Mijn vriendin zwaait naar koeien.

Toch is ze zeer goed bij haar hoofd. Haar afwijking - zoals ik het noem - heeft ze te danken aan een leven tussen beton en asfalt. Ze is een geboren en getogen stedeling. Haar kennis van de dierenwereld is blijven steken in het onderscheid maken tussen vetgevoerde stadsduiven en huismussen.

Dus kijkt ze haar ogen uit op mijn platteland. Koeien, paarden, schapen en varkens zijn voor haar grote knuffels van vlees en bloed. Wezens om mee te communiceren, niet om te slachten of te melken.
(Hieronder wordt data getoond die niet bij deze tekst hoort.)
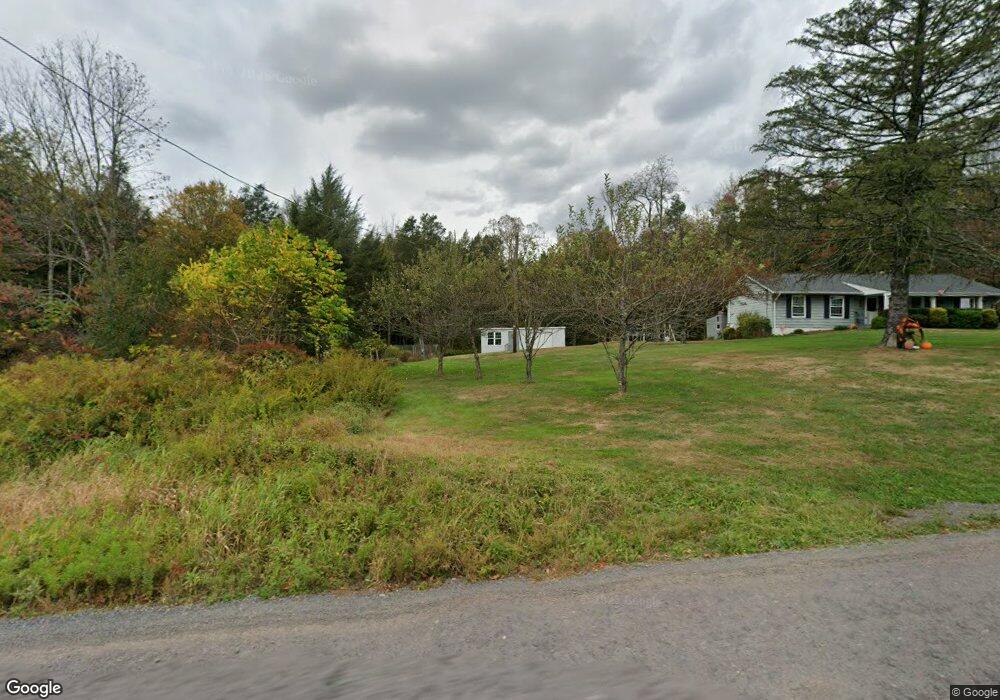 222 Hemlock Rd, Lake Ariel, PA 18436 - photo 1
Ik heb zoiets in Den Haag, waar zij resideert. Maar dan met mensen. Politici om precies te zijn. Mijn vriendin kijkt niet op als Mark Rutte voorbijfietst. Ik wel. “Kijk, onze minister-president”, zeg ik. “Ach, die fietst hier zo vaak”, antwoordt ze met het dedain van een stadsnuf. “Daar om de hoek is zijn favoriete supermarkt, daarnaast woont zijn moeder.”

Dat vind ik dan weer bijzonder. Ik wil naar onze Grote Leider zwaaien, maar mijn vriendin weerhoudt mij daarvan. “Niet doen”, sist ze. “Laat die man met rust, die heeft het al zwaar genoeg.”

Even later zitten we aan de lunch in een gezellig eetcafé op het Plein als Henk Krol en Geert Dales binnenstormen. Ik vang woorden op als “We moeten ze lozen”, en “Hij is een Nagel aan mijn doodskist.”

Ik begrijp dat ik getuige ben van de laatste stuiptrekkingen van 50Plus. Van een moment dat ooit in de geschiedenisboeken zal staan.

Als ze vertrekken zwaai ik ze enthousiast uit.

Mijn vriendin kijkt me verbaasd aan en vraagt: “Als jij naar politici mag zwaaien, waarom mag ik dat dan niet naar koeien doen?”